Doing a search before starting a thread, I came across this map of loyalty to different NFL franchises. It does not have enough data to answer some questions, so I will pose them here.
What would Alaska vote? I suspect Seahawks.
Arkansas looks like it is solidly Cowboy country. I would have expected more Saints and Titans.
California
Loyalty to the St.Louis Rams in Los Angeles is lower than I expected. (Rams used to play in Anaheim / LA.)
Hawaii ??
Iowa looks like you might be able to cut it into quarters, with the SW going to KC, the SW to Bears NW to Vikings, and NE to Packers.
I would guess that Idaho, Montana, Wyoming, New Mexico, and Nebraska are Denver Bronco country. I would say the same for the parts of Nevada other than Reno and Vegas areas. Reno is 49’er country and Vegas… is too cosmopolitan for me to guess.
Michigan: would upper peninsula be for Lions or Packers or other?
Utah shows a lot of 49’er loyalty. I believe this is the “Steve Young” effect. Young is a Mormon, the great-great-great-grandson of Brigham Young, born in SLC, played for BYU, etc. Before 1987, when he was at Tampa Bay, was Utah Buccaneer country?
WV as a whole has far more Steelers fans from what I obeserved growing up there. Although, the tip of the eastern panhandle counties may favor the Redskins more.
Reno has a lot of Raiders fans as well. The NFL considers us part of the Bay Area market. I hadn’t seen a decent game all season until the playoffs started.
Cool map! I’ve lived in Iowa and there are definitely divided football loyalties there, with so many major teams existing a few hundred miles in different directions outside its borders.

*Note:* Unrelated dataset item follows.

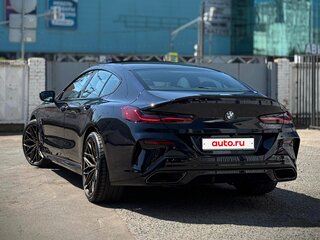 2019 BMW 8 серии Gran Coupe 840i xDrive II (G14/G15/G16), чёрный, 8390000 рублей, вид 3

That is cool. I remember a book by the journalist Joel Garreau who used baseball loyalty as an indicator for when you’ve really entered New England. Alaska also has a lot of Cowboy fans, mainly transplanted Texans.
Hawaii used to have a surprising about of Atlanta Braves fans because TBS showed there games and they were the only team most people could follow. How that translates to football I don’t know. Since there a fewer games you can pretty much follow any team on sunday.
So I’m going to have to stretch and say there lots of love for California and probably the Raiders would come out highest here. But it’s probably a very fickle fanship.
I recall there being surprising love for the Phoenix Suns in the small town in Maryland where I grew up. Everyone followed the Bullets, of course (now Wizards), but a lot also wore Suns T-shirts and such and had something of a secret love affair with the Suns. I never figured it out. I wasn’t into sports then and didn’t care, either; and “everyone” was a bunch of elementary school kids, who may have been influenced by a fad involving a particular player of the day.
There was a LOT of love for the 49ers based on the whole Steve Young/Jerry Rice thing, too. And there were some Raiders fans; they always seemed to come out on Halloween.
The Saints just haven’t been a good enough team to draw much regional support. I assume that the Cowboys were the team of preference for so long that the Titans haven’t yet gotten much of a foothold (or maintained any old Oilers fans).
Green Bay is much closer to most of the UP than Detroit. From where I am, Green Bay is about a 3 hour drive. Detroit is more like 12. So we’re almost entirely Packers. There’s a few Lions fans around, but we make fun of them.
From what I’ve seen of Idaho and Montana, as a whole, they pay about as much attention to the NFL as the NFL does to them.
So, it’s all about the NCAA.
In Eastern Washington, there are a lot of Seahawk fans, but there is a pretty diverse mix of transplants who retain their old loyalties.
For the most part, NCAA Basketball and ML Baseball are the sports of choice in E Washington, and you’ll find more Gonzaga Bulldogs and Seattle Mariners fans than Seahawks fans.
That seems to jibe pretty well with what I’ve heard from my friend from E. Wash. What I got from him was that they’re pretty much fairweather Seahawk fans out in the eastern parts of the state (much like Chargers fans down here).
Then again, I’ve also heard that Seattleites are in general too metropolitan to be out-of-the-closet football fans, and you don’t really see “Go Hawks” posters around the city even on an NFC Championship weekend–as loud and supportive as they are on Sunday.